We have included here what we call the “perfect” WinterPromise sequence, although for homeschool families, there’s usually no such thing. For one thing, most homeschool families have several students, and thus choosing an order for the programs they complete is linked closely to their mix of students. This “mix” of grades and abilities rarely results in the “perfect” anything, but for families wishing to know what an ideal sequence would look like, here it is!
This sequence is the “Customary Theme Order,” the one most parents prefer, as students can complete most of our
programs during their school years with this order. We’ve included suggestions below the list on how to create a
sequence for your family!
This is our most popular theme “order.”
Journeys of Imagination (Pre-K Reading Together Theme)
I’m Ready to Learn (Pre-School Skills Program – Can be Combined with Journeys of Imagination)
Hideaways in History (K-2nd World History Program)
Animals & Their Worlds (K-4th Animal & Habitat Study)
American Story 1 (K-7th Early American History Program)
American Story 2 (1st – 8th Later American History Program)
Children Around the World (2nd – 7th World Culture Program)
Quest for the Ancient World Middler Version (4th – 8th Grade Ancient World Program)
Quest for the Middle Ages Middler Version (4th 8th Grade Middle Ages Program)
Adventures in the Sea and Sky (2nd – 9th World History Program)
Quest for the Ancient World Sr High (9th – 12th)
Quest for the Middle Ages Sr High (9th – 12th)

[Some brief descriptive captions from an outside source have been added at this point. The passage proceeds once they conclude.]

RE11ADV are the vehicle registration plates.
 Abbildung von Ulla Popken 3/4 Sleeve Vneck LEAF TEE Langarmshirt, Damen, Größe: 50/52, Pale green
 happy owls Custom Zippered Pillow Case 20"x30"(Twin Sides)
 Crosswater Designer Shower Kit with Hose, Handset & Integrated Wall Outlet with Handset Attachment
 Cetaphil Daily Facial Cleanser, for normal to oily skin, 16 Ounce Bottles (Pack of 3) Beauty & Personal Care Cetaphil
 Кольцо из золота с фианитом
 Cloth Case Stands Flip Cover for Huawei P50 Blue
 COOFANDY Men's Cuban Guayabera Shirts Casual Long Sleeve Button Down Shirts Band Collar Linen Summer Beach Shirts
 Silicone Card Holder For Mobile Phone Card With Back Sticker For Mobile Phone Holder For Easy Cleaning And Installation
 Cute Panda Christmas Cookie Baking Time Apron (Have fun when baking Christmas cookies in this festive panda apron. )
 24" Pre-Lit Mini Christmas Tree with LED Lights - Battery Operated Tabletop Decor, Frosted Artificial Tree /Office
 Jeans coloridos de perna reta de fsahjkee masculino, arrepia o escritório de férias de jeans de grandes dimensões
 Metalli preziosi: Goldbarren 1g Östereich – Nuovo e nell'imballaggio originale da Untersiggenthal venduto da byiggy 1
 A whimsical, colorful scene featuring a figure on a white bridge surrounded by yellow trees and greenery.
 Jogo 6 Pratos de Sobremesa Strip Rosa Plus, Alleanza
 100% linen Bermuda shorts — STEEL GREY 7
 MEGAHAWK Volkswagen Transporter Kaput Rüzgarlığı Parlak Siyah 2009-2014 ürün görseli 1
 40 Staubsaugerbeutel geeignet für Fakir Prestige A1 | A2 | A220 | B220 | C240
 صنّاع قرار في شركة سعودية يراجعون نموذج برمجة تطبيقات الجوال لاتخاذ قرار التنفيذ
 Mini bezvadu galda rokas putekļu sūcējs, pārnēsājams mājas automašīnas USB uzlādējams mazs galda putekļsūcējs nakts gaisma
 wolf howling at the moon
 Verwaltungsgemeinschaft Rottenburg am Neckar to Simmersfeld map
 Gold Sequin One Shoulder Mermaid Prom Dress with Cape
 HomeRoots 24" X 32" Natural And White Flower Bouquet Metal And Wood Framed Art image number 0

(If you’d rather repeat history in cycles, hit the “back” button, and click on “Can I Repeat History Themes in a Four-Year Cycle” for some great information. )
Creating a Sequence for Your Family
In deciding upon a sequence for your family, it is best to start with a program that is in-between your students’ ages and plan to adjust the program as needed for their ages. The programs are designed to be flexible in their appeal to different ages, and they can be made easier for younger students by not completing as many of the assignments or moving at a slower pace, perhaps even making the program last two years instead of one. On the other hand, the programs can be made more difficult by upping the level of performance on the assignments, adding extra reading, or requiring more of the assignments to be completed.
It is, generally, easier to add more to a program than to try to make a program easier — so if you are torn between two options, it may be better to go with the easier of the two choices. In other words, if you have a Pre-K 4-year old, a Kindergarten student, and a third grader, the best choice would probably be to go with Animals & Their Worlds or Hideaways in History, and plan to make up your own reading list for your third grader with his language arts. You can always add more difficult assignments by taking the ideas in your guidebook and requiring more.